* _About this task_: Look below for the line with "Bundle of dried" and the line with "24876 Helms Terrace"; repeat exactly those two lines and all lines between them, but no pictures.

· · · · · · ·

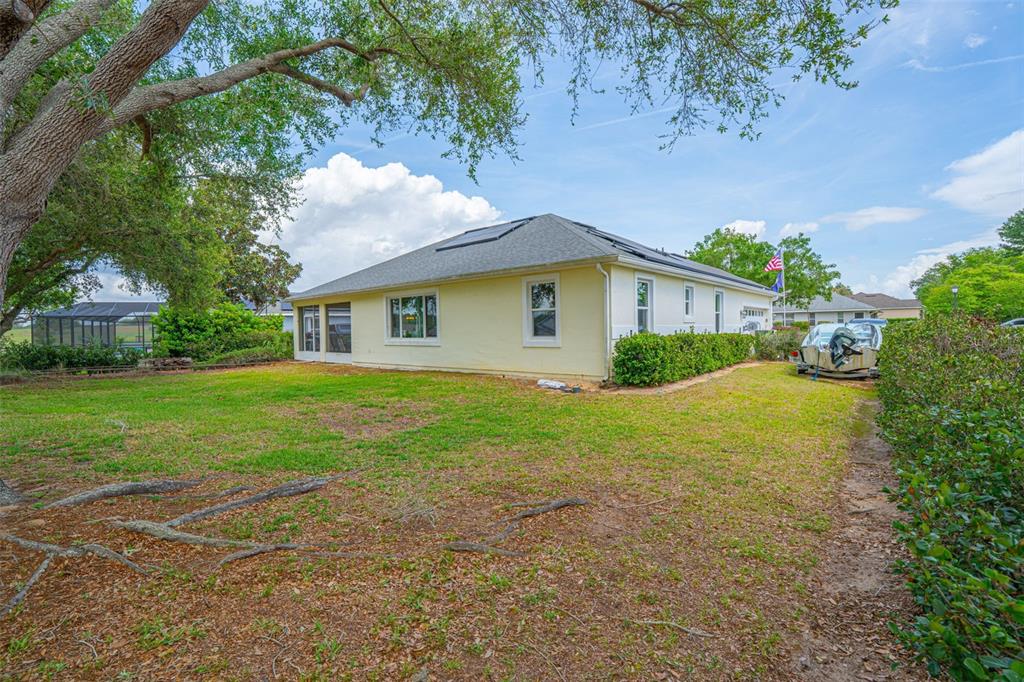 3510 Hunters Trail Circle Eustis, FL 32726 - Photo 24 of 26 a yellow and red house sitting in middle of the grass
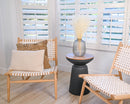 Bundle of dried natural white baby's breath in a clear glass vase, displayed in a bright modern room with woven wooden.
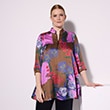 The model is wearing a blue blouse.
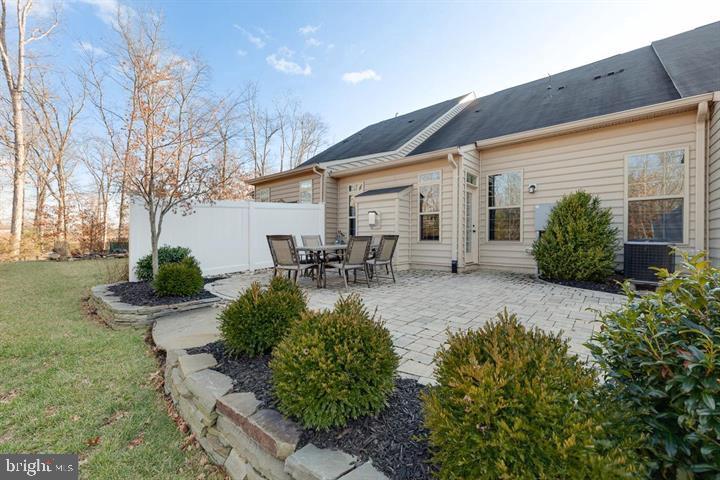 24876 Helms Terrace Aldie, VA 20105 - Photo 44 of 45 a view of a patio with table and chairs potted plants and large tree
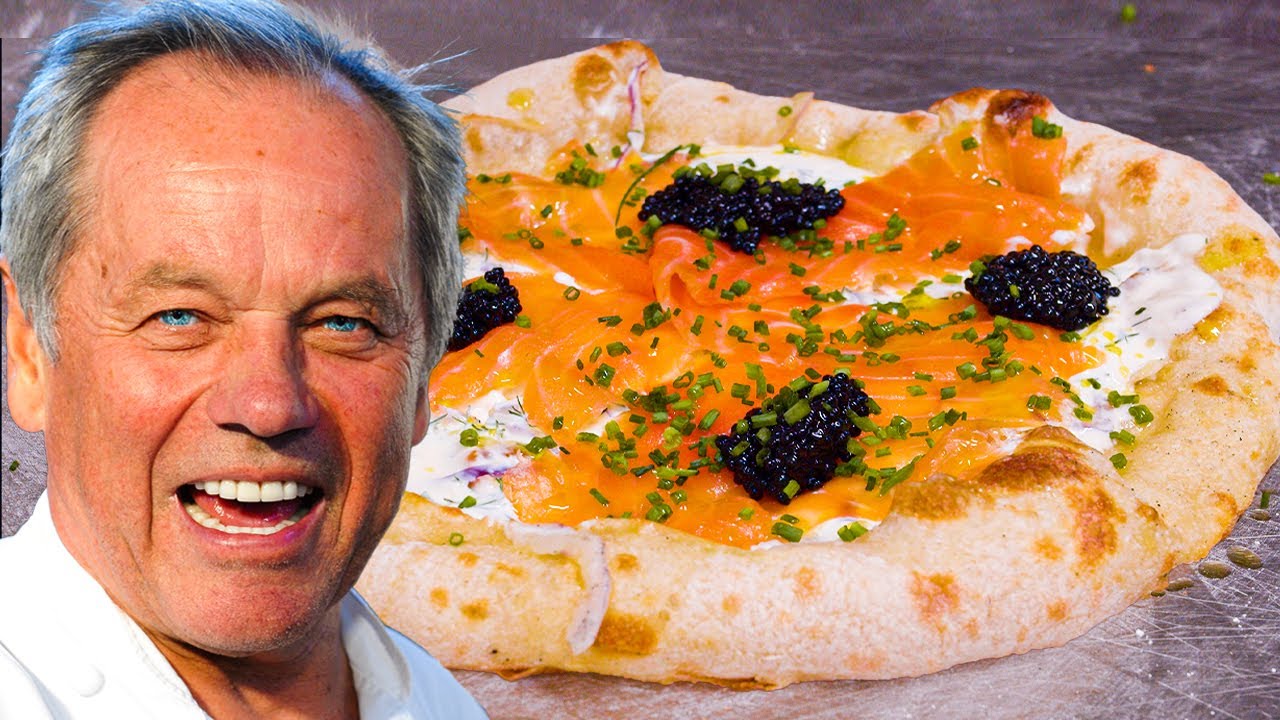 Wolfgang Puck serving smoked salmon pizza – luxury dining pioneer in the 10 Most Famous Chefs in the World and celebrity caterer.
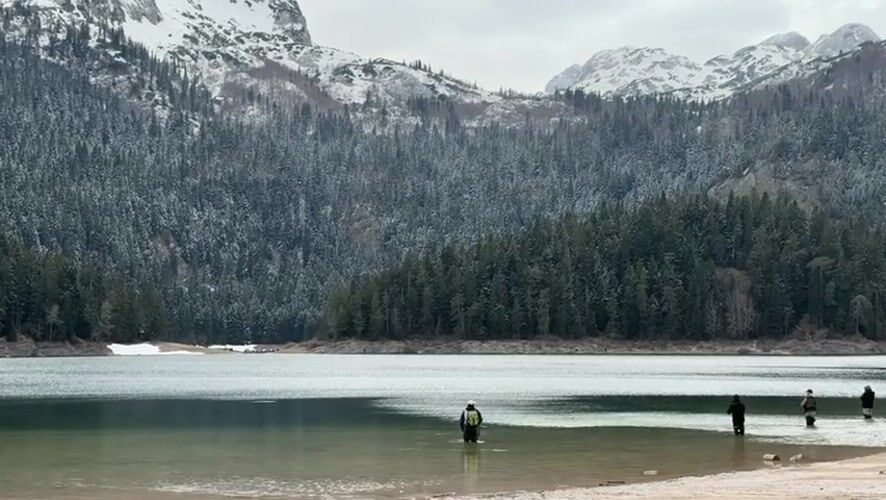 Person stands in calm lake waters in Montenegro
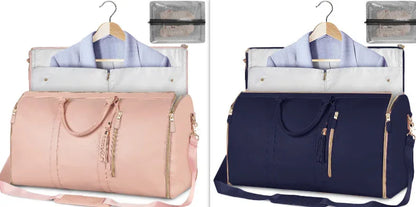 Two large leather garment travel bags with pink and navy colors, each with clothes hanger and packing cubes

· · · · · · ·

* _Response to the exercise_:
 Bundle of dried natural white baby's breath in a clear glass vase, displayed in a bright modern room with woven wooden.
 The model is wearing a blue blouse.
 24876 Helms Terrace Aldie, VA 20105 - Photo 44 of 45 a view of a patio with table and chairs potted plants and large tree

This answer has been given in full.